Keep It Simple
Last Sunday night at our monthly Leadership Summit we focused on the need to keep church simple. The human tendency is to complicate things. Here are five keys to keeping things at church simple. The acronym we used was C.L.E.A.R. Things will be simple if they are clear:
- Connect The Dots: One of the chief reasons things look scattered, busy, and confusing is that people don't know why we do what we do. Really our church only does a few things that help us make God Treasuring Disciples. But we sometimes get tired of calling our program or event by the same old name, so we change it up. And things begin to look scattered even if they are aimed at accomplishing the same things. Show how you get from your event to its purpose. Make the purpose of your program transparent even if the name is creative.
- Less is more: One cause of complexity is that we try to do too many things. If we try a little harder, do a little more, try everything, we'll break through. We do this in every area of life, too. Instead, we can ask, "What is absolutely necessary? What can be eliminated?" When we do, we are on the road to simplicity and increased effectiveness.
- Easy: Those who know me know that I am the last person to advocate laziness. Easy does not equal lazy. It simply means I have thought of the unnecessary things that complicate the issue.

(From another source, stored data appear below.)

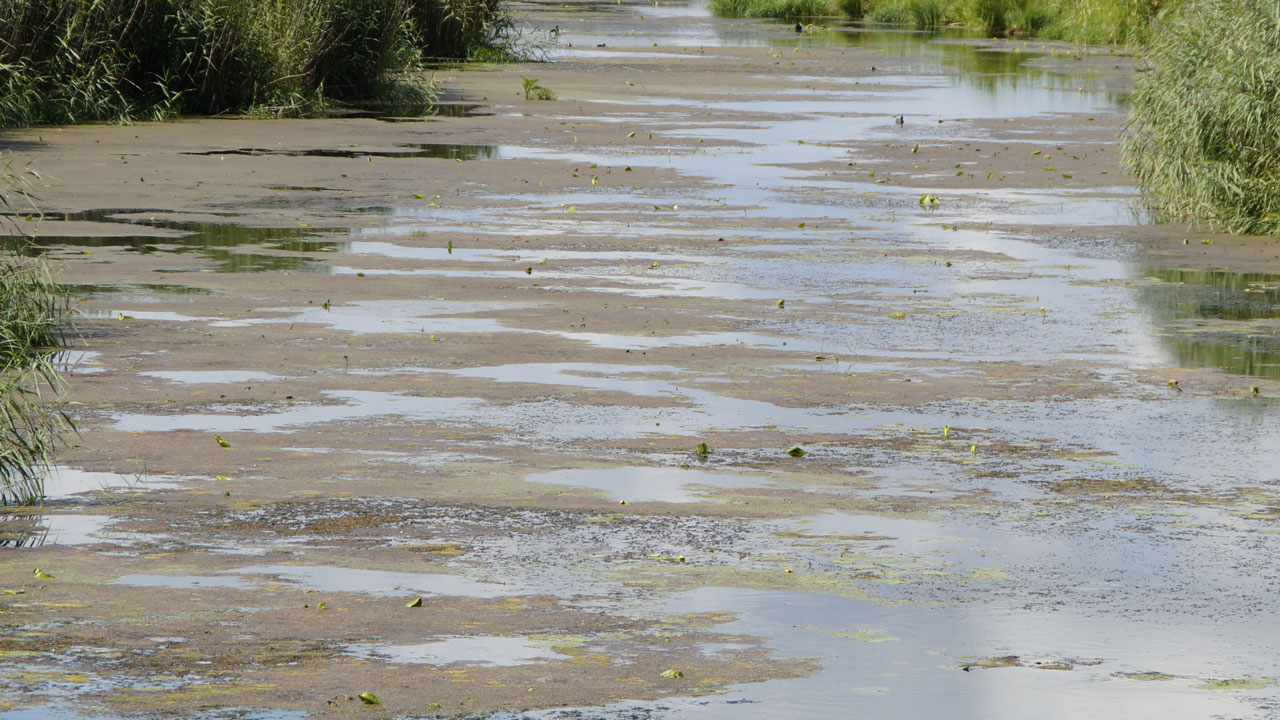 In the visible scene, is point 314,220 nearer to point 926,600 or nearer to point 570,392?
point 570,392

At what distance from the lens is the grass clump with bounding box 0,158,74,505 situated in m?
7.80

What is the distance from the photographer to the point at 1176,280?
14.8m

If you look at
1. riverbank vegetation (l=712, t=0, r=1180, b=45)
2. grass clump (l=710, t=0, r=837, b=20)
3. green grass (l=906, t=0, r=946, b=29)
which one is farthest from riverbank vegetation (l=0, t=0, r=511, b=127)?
grass clump (l=710, t=0, r=837, b=20)

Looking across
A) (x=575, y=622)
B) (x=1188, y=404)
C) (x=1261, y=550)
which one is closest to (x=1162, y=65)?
(x=1188, y=404)

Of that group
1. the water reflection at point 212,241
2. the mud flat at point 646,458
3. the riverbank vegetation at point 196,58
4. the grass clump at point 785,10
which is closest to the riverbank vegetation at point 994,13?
the grass clump at point 785,10

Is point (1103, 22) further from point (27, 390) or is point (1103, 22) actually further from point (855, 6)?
point (27, 390)

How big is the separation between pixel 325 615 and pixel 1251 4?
43.0 feet

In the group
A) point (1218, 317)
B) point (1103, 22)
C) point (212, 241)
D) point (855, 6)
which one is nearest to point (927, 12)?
point (855, 6)

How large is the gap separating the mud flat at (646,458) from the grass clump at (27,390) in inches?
6.7

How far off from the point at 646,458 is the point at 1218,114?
32.1 feet

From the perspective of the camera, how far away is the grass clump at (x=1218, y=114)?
1670cm

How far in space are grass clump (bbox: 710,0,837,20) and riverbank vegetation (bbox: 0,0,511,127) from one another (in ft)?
123

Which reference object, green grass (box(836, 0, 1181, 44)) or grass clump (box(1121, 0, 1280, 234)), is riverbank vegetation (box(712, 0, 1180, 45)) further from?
grass clump (box(1121, 0, 1280, 234))

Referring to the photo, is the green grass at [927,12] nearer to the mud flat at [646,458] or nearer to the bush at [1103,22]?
the bush at [1103,22] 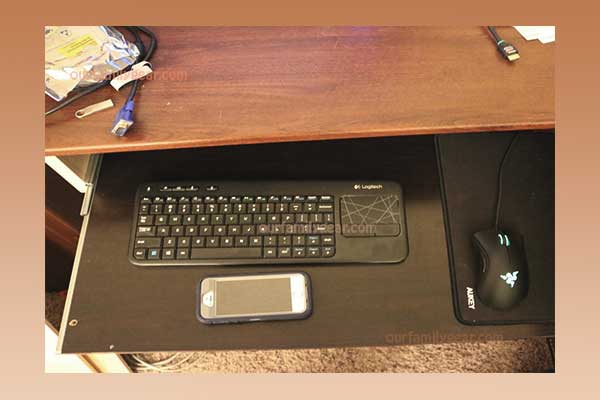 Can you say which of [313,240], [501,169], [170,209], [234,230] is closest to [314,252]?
[313,240]

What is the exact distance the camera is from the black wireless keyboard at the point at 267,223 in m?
0.68

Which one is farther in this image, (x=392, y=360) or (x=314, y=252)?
(x=392, y=360)

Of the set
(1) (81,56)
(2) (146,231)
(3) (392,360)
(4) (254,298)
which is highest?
(1) (81,56)

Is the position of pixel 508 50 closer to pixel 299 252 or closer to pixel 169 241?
pixel 299 252

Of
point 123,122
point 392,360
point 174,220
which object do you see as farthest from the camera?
point 392,360

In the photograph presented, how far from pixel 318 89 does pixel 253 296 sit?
314 mm

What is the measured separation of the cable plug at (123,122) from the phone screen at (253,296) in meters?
0.25

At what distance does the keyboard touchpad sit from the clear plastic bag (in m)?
0.41

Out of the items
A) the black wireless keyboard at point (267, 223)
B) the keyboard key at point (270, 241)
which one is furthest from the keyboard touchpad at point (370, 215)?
the keyboard key at point (270, 241)

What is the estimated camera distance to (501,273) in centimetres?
64

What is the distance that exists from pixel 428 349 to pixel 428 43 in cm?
80

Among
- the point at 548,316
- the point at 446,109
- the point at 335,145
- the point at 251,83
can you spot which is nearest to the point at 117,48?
the point at 251,83

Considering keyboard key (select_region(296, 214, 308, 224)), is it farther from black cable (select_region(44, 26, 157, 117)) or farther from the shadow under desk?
black cable (select_region(44, 26, 157, 117))

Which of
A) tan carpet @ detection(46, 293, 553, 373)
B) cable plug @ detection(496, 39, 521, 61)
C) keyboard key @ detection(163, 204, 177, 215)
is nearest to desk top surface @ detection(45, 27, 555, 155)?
cable plug @ detection(496, 39, 521, 61) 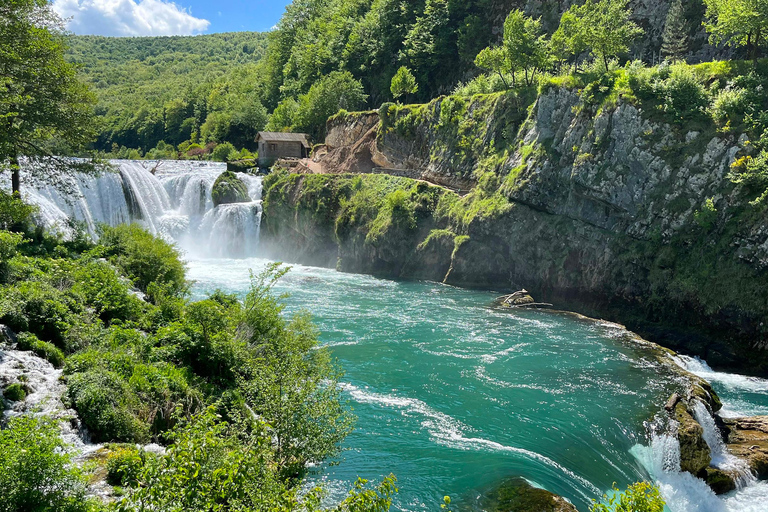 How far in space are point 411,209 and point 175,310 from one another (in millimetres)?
26983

Can we do something and make it easy to communicate, easy to understand and easy to use?
- Aim: This is the target that to which we connect the dots in the earlier step. If we cannot identify what we are trying to do any hope of simplicity breaks down. If you don't know what you are shopping for you won't know what store to go to. If you don't now what store to go to a shopping trip will certainly become a greater challenge. The leadership remedy is simple -- rigorous focus.
- Relevance: -- This can be common courtesy. Think of others. If something is relevant to us it becomes clearer and less confusing. What can we do to think about our communication from the perspective of the person who receives it? The more we think of others, the simpler we will become.